**Exercise objective**
With the first line as the start and the line containing "Signature for player Tsucuiome Infinito" as the end, write out every line of the records exactly.

**Information given**
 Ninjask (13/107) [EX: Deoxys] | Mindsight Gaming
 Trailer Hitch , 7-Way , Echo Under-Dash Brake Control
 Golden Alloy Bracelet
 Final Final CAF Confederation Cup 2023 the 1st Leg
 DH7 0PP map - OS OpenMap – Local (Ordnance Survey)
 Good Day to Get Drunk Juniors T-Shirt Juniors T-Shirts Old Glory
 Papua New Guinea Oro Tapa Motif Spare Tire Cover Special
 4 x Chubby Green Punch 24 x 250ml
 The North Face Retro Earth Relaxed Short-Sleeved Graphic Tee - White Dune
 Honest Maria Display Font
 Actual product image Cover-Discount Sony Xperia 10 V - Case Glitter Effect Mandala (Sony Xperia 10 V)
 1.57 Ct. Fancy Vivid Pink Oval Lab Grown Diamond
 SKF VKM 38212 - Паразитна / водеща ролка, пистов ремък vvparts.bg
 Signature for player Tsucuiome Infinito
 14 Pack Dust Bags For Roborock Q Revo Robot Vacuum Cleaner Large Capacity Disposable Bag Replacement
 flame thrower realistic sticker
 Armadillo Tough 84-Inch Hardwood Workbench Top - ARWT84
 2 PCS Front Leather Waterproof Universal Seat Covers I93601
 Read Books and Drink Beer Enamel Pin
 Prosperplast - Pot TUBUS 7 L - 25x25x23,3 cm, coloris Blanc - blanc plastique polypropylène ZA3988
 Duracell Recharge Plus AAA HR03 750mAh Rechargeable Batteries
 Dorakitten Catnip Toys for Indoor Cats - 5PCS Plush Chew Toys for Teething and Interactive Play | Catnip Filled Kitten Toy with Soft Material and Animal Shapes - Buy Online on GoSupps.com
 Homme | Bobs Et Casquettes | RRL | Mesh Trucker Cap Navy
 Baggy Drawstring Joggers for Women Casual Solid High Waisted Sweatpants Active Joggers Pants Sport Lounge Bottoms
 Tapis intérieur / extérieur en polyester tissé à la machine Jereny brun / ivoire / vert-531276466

**Answer space**
 Ninjask (13/107) [EX: Deoxys] | Mindsight Gaming
 Trailer Hitch , 7-Way , Echo Under-Dash Brake Control
 Golden Alloy Bracelet
 Final Final CAF Confederation Cup 2023 the 1st Leg
 DH7 0PP map - OS OpenMap – Local (Ordnance Survey)
 Good Day to Get Drunk Juniors T-Shirt Juniors T-Shirts Old Glory
 Papua New Guinea Oro Tapa Motif Spare Tire Cover Special
 4 x Chubby Green Punch 24 x 250ml
 The North Face Retro Earth Relaxed Short-Sleeved Graphic Tee - White Dune
 Honest Maria Display Font
 Actual product image Cover-Discount Sony Xperia 10 V - Case Glitter Effect Mandala (Sony Xperia 10 V)
 1.57 Ct. Fancy Vivid Pink Oval Lab Grown Diamond
 SKF VKM 38212 - Паразитна / водеща ролка, пистов ремък vvparts.bg
 Signature for player Tsucuiome Infinito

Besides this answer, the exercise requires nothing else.